§ Work request: The response should be an exact copy of every record.

*** Material to process ***

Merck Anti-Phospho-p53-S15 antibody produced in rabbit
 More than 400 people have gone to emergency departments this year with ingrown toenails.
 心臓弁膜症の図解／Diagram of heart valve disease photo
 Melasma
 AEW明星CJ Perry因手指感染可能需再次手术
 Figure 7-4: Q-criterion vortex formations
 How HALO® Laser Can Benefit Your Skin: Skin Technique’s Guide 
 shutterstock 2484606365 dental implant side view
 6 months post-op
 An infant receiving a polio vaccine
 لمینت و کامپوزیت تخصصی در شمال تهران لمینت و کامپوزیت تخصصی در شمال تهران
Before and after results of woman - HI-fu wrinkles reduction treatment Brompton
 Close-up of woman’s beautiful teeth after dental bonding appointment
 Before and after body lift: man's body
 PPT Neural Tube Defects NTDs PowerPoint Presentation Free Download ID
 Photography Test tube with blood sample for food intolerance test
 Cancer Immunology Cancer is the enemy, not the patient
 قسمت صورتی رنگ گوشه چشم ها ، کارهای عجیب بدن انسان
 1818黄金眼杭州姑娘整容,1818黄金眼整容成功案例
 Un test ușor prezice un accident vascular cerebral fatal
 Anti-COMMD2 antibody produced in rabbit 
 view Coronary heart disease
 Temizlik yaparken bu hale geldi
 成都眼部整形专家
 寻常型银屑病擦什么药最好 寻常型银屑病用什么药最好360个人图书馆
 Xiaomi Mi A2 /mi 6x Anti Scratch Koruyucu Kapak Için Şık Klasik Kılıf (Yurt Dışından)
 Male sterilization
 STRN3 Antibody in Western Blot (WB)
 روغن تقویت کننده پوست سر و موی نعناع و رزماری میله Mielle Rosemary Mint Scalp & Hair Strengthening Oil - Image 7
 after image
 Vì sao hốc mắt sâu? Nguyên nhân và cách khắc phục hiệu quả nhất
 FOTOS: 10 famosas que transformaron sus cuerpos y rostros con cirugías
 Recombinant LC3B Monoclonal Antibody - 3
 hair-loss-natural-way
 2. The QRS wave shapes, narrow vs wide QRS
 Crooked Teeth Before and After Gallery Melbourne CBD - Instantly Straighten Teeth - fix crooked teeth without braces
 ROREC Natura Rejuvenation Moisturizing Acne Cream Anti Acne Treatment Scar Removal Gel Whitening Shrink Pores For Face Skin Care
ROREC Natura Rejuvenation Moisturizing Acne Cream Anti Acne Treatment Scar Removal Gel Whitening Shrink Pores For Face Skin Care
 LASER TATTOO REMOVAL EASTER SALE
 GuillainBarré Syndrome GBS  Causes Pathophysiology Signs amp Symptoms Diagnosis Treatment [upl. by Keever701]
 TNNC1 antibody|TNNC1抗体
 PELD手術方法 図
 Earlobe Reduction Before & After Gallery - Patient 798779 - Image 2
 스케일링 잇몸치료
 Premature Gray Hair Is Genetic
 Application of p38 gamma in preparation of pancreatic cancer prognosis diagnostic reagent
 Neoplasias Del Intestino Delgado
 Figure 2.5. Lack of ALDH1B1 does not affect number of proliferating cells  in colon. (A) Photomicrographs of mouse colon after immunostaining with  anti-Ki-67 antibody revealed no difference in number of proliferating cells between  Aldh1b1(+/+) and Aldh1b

*** End of Material to process ***

§ Solution to the problem:
Merck Anti-Phospho-p53-S15 antibody produced in rabbit
 More than 400 people have gone to emergency departments this year with ingrown toenails.
 心臓弁膜症の図解／Diagram of heart valve disease photo
 Melasma
 AEW明星CJ Perry因手指感染可能需再次手术
 Figure 7-4: Q-criterion vortex formations
 How HALO® Laser Can Benefit Your Skin: Skin Technique’s Guide 
 shutterstock 2484606365 dental implant side view
 6 months post-op
 An infant receiving a polio vaccine
 لمینت و کامپوزیت تخصصی در شمال تهران لمینت و کامپوزیت تخصصی در شمال تهران
Before and after results of woman - HI-fu wrinkles reduction treatment Brompton
 Close-up of woman’s beautiful teeth after dental bonding appointment
 Before and after body lift: man's body
 PPT Neural Tube Defects NTDs PowerPoint Presentation Free Download ID
 Photography Test tube with blood sample for food intolerance test
 Cancer Immunology Cancer is the enemy, not the patient
 قسمت صورتی رنگ گوشه چشم ها ، کارهای عجیب بدن انسان
 1818黄金眼杭州姑娘整容,1818黄金眼整容成功案例
 Un test ușor prezice un accident vascular cerebral fatal
 Anti-COMMD2 antibody produced in rabbit 
 view Coronary heart disease
 Temizlik yaparken bu hale geldi
 成都眼部整形专家
 寻常型银屑病擦什么药最好 寻常型银屑病用什么药最好360个人图书馆
 Xiaomi Mi A2 /mi 6x Anti Scratch Koruyucu Kapak Için Şık Klasik Kılıf (Yurt Dışından)
 Male sterilization
 STRN3 Antibody in Western Blot (WB)
 روغن تقویت کننده پوست سر و موی نعناع و رزماری میله Mielle Rosemary Mint Scalp & Hair Strengthening Oil - Image 7
 after image
 Vì sao hốc mắt sâu? Nguyên nhân và cách khắc phục hiệu quả nhất
 FOTOS: 10 famosas que transformaron sus cuerpos y rostros con cirugías
 Recombinant LC3B Monoclonal Antibody - 3
 hair-loss-natural-way
 2. The QRS wave shapes, narrow vs wide QRS
 Crooked Teeth Before and After Gallery Melbourne CBD - Instantly Straighten Teeth - fix crooked teeth without braces
 ROREC Natura Rejuvenation Moisturizing Acne Cream Anti Acne Treatment Scar Removal Gel Whitening Shrink Pores For Face Skin Care
ROREC Natura Rejuvenation Moisturizing Acne Cream Anti Acne Treatment Scar Removal Gel Whitening Shrink Pores For Face Skin Care
 LASER TATTOO REMOVAL EASTER SALE
 GuillainBarré Syndrome GBS  Causes Pathophysiology Signs amp Symptoms Diagnosis Treatment [upl. by Keever701]
 TNNC1 antibody|TNNC1抗体
 PELD手術方法 図
 Earlobe Reduction Before & After Gallery - Patient 798779 - Image 2
 스케일링 잇몸치료
 Premature Gray Hair Is Genetic
 Application of p38 gamma in preparation of pancreatic cancer prognosis diagnostic reagent
 Neoplasias Del Intestino Delgado
 Figure 2.5. Lack of ALDH1B1 does not affect number of proliferating cells  in colon. (A) Photomicrographs of mouse colon after immunostaining with  anti-Ki-67 antibody revealed no difference in number of proliferating cells between  Aldh1b1(+/+) and Aldh1b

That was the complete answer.